Beaux seins, belles fesses – Mo Yan

Beaux seins, belles fesses - Mo Yan Ce livre est le «Cent ans de solitude chinois», dit-on, sans doute avec raison : une fresque incroyable mélangeant Histoire et légendes, au coeur de la Chine profonde.

Jintong est le dernier enfant de Shangguan Lushi, et le seul garçon : il a par contre huit soeurs ! Sorte d’anti-héros, il passera les 900 pages de l’histoire à se protéger de la vie plutôt qu’à se mettre en avant (quand il n’utilise pas les autres, car il est loin d’être idiot). Comme un symbole, il se nourrira au sein maternel pratiquement toute sa vie (une chèvre fera l’affaire quelque temps)…

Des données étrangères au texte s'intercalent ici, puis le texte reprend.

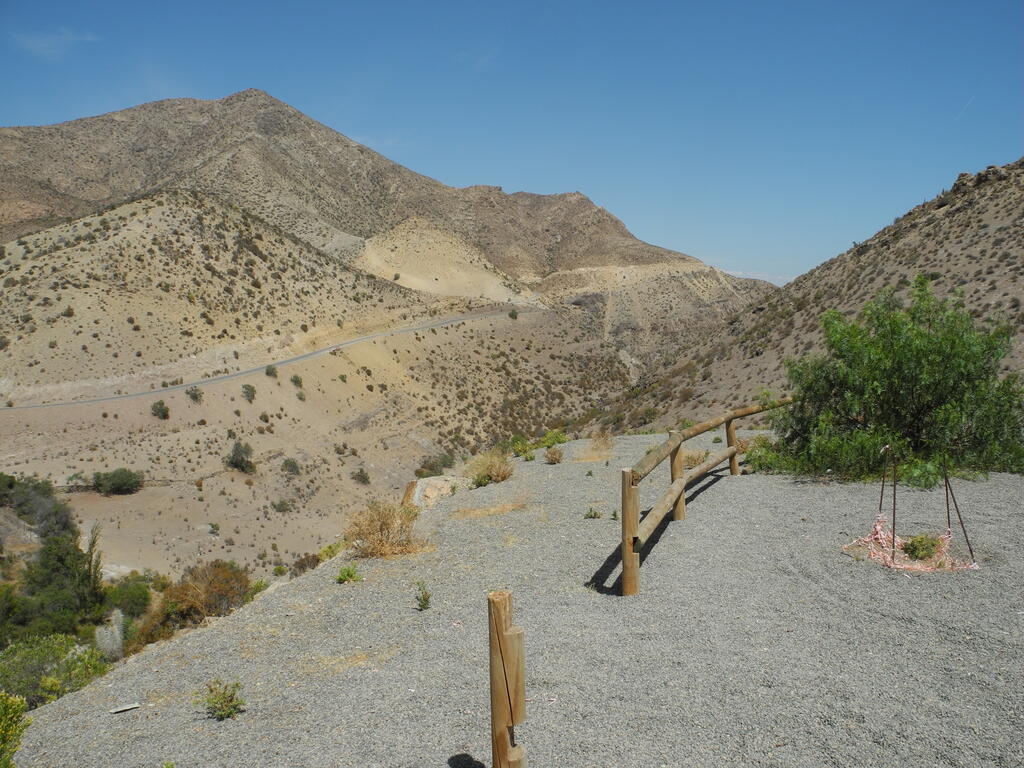 Stra&szlig;e von Andacollo nach Samo Alto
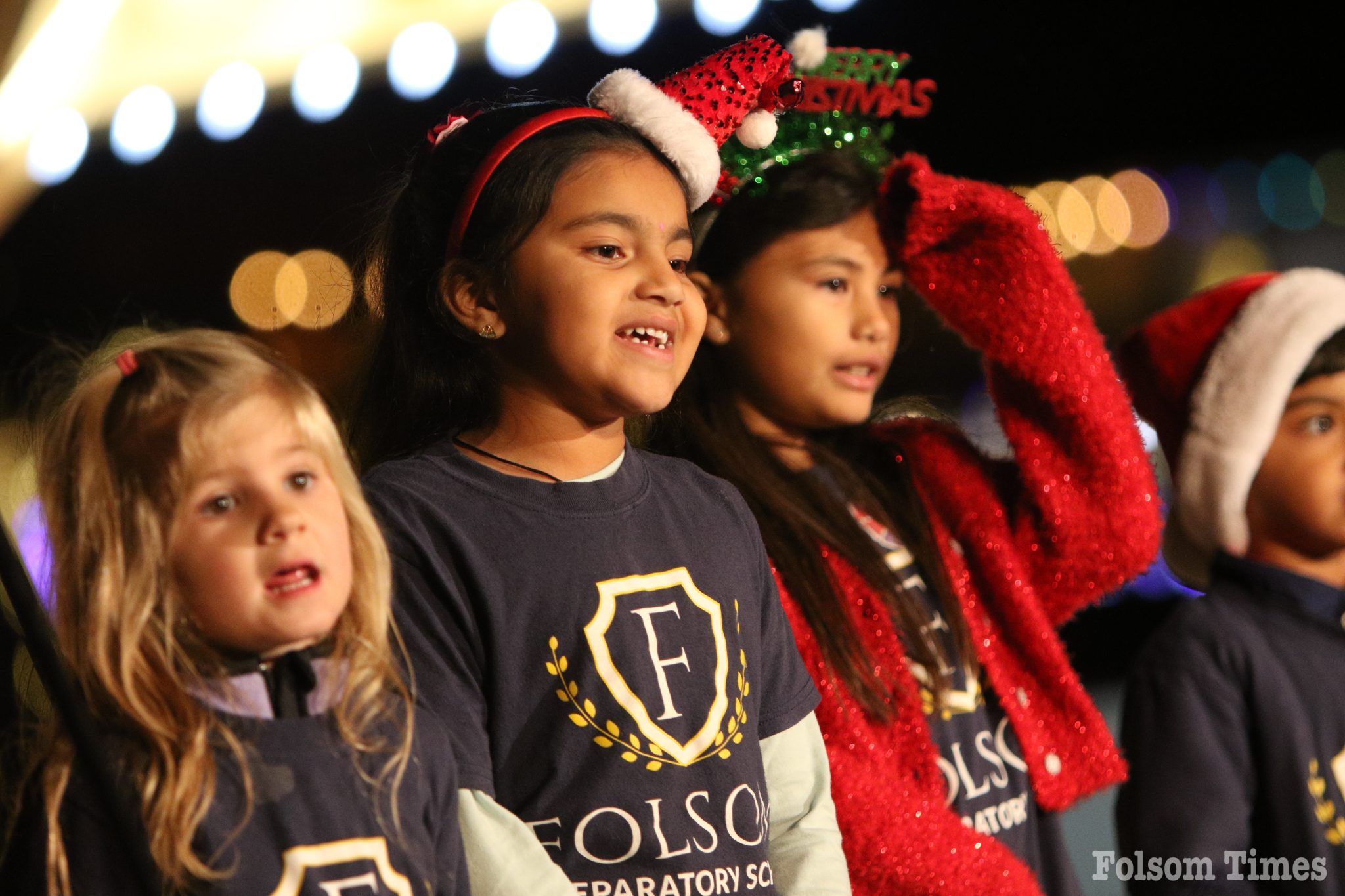 Santa makes grand arrival at Historic Folsom tree lighting Folsom Times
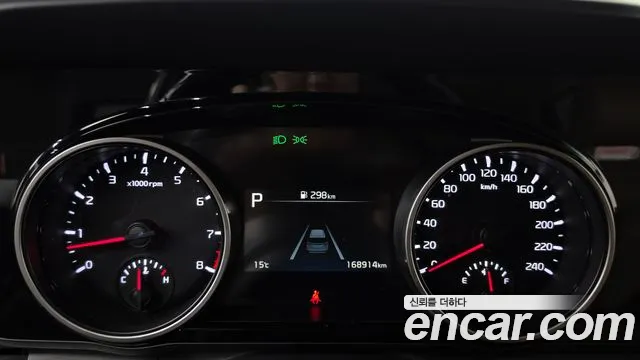 Kia Carnival 4th Gen — Фото автомобиля 11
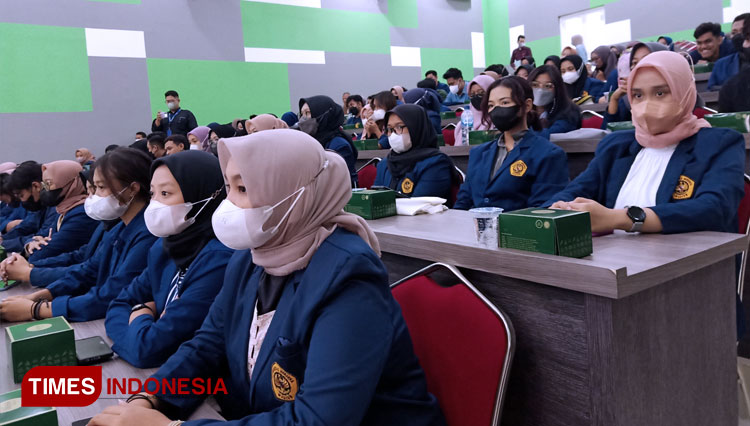 kuliah-umum-di-Unmer-Madiun.jpg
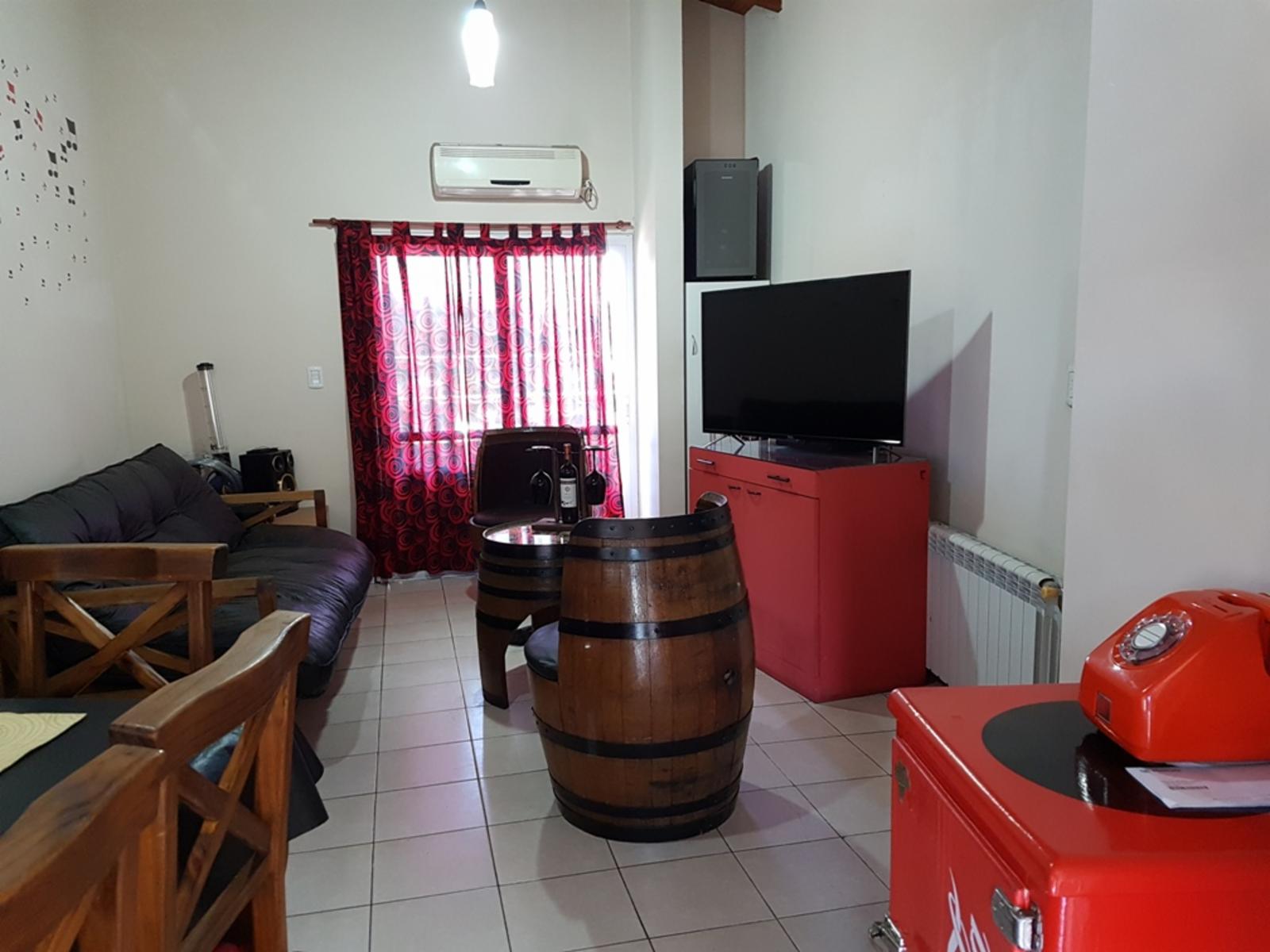MUY LINDO DEPARTAMENTO EN VENTA EN VILLA CARLOS PAZ - 2 Dormitorios, Gas Natural, Calef. Central. — foto 11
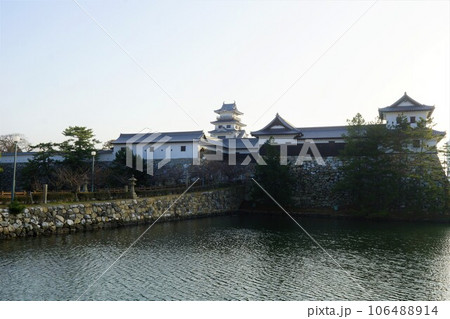 今治城天守閣と御金櫓 106488914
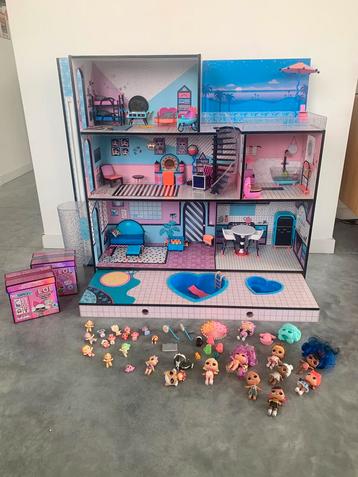 LOL huis met inrichting en poppetjes, Ophalen, Gebruikt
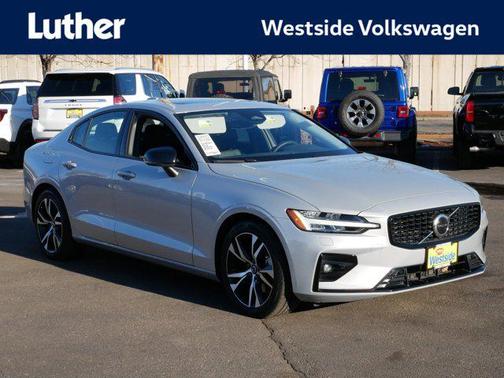 2025 Volvo S60 B5 Core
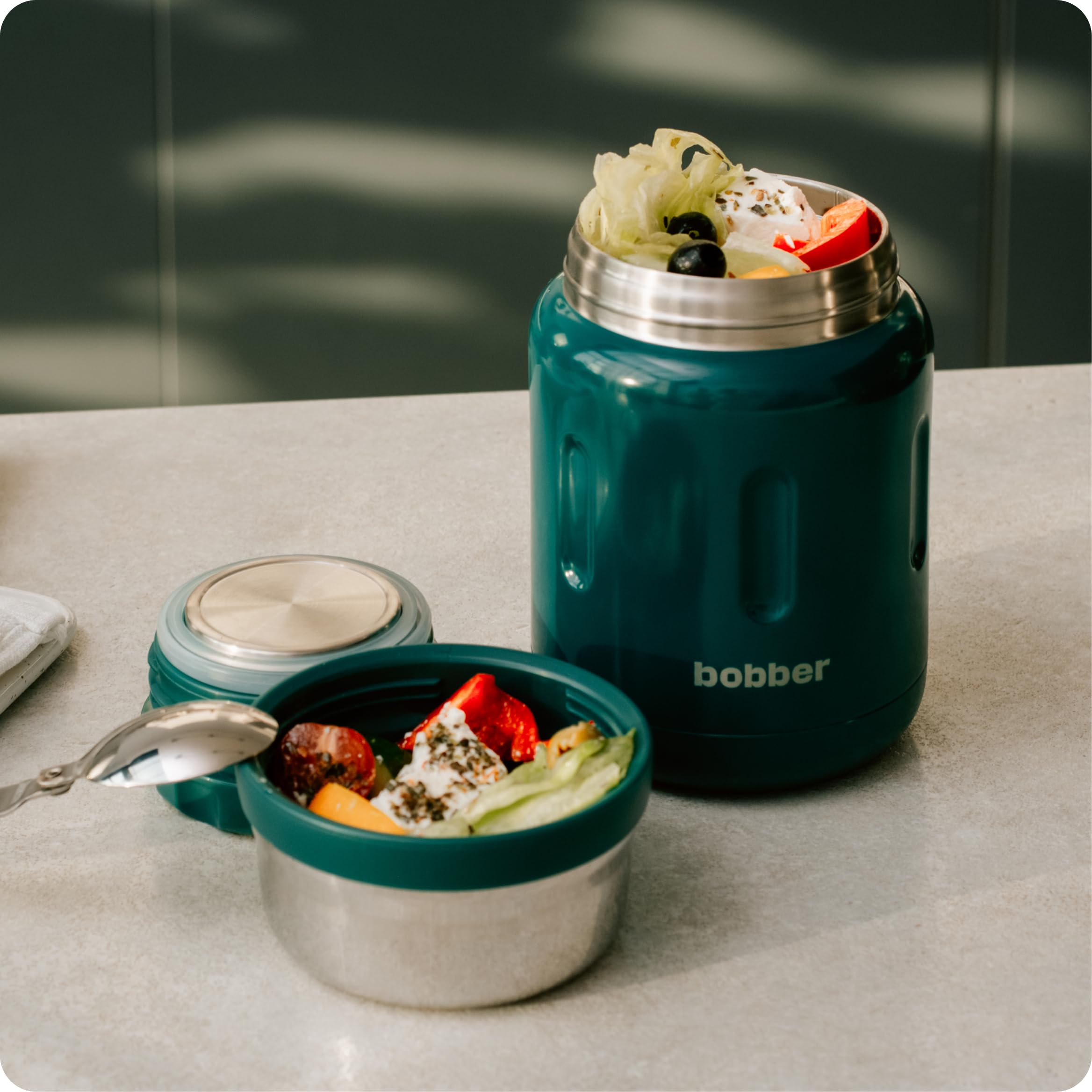 BOBBER 680,4 g Wide Mouth Isolierte Thermosdose für Suppe und heiße Speisen - Edelstahl mit integriertem Löffel - hält 14 Stunden heiß, 20 Stunden kalt (Deep Teal)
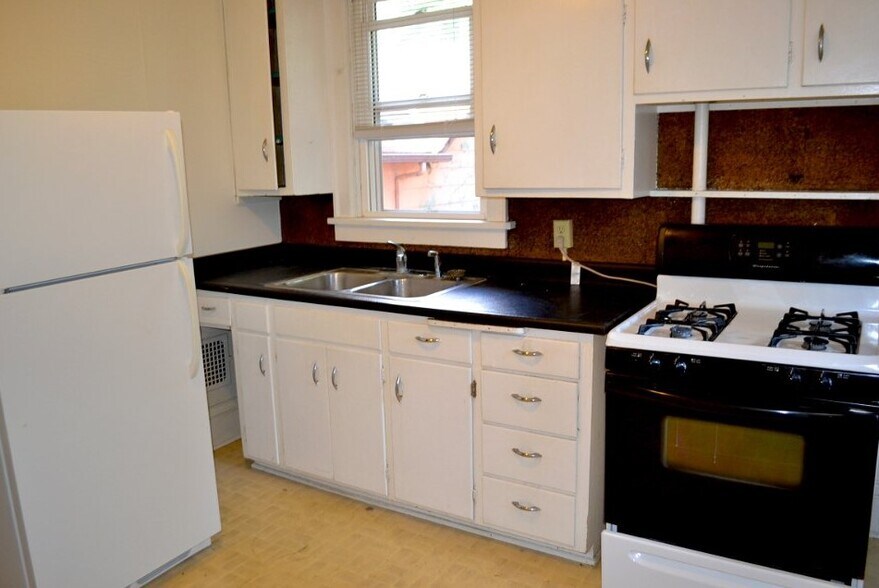 Building Photo - 1037 Jenifer St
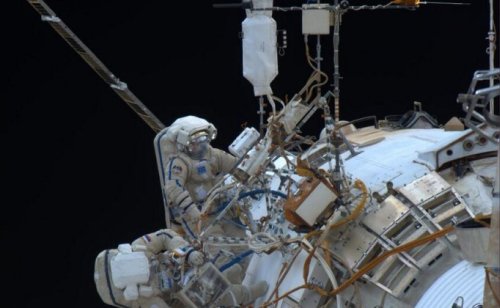 Российские космонавты установили новый рекорд по длительности пребывания в открытом космосе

L’histoire est contée sur un ton alerte et drôle, on ne s’ennuie pas une seconde. Car il va s’en passer des choses, dans cette Chine en bouleversement perpétuel : l’histoire commence fin XIXe siècle avec l’invasion Japonnaise, vient ensuite le Guomintang (premier parti politique de la République de Chine); puis bien sûr Mao Tse Toung et son communisme, et enfin le néo-capitalisme actuel.

Au milieu de ce fracas, le quotidien des habitants du village n’est pas simple. On perçoit la culture et le mode de vie ancestral, et le chamboulement provoqué par une histoire qui cafouille et se cherche. Car les perdants d’une époque peuvent devenir les vainqueurs de la suivante… L’absurdité de tout cela, frappé au coin du bon sens paysan, devient vite très drôle, et les péripéties ne manquent pas, tant les personnages sont hauts en couleurs et l’imagination de l’auteur fertile.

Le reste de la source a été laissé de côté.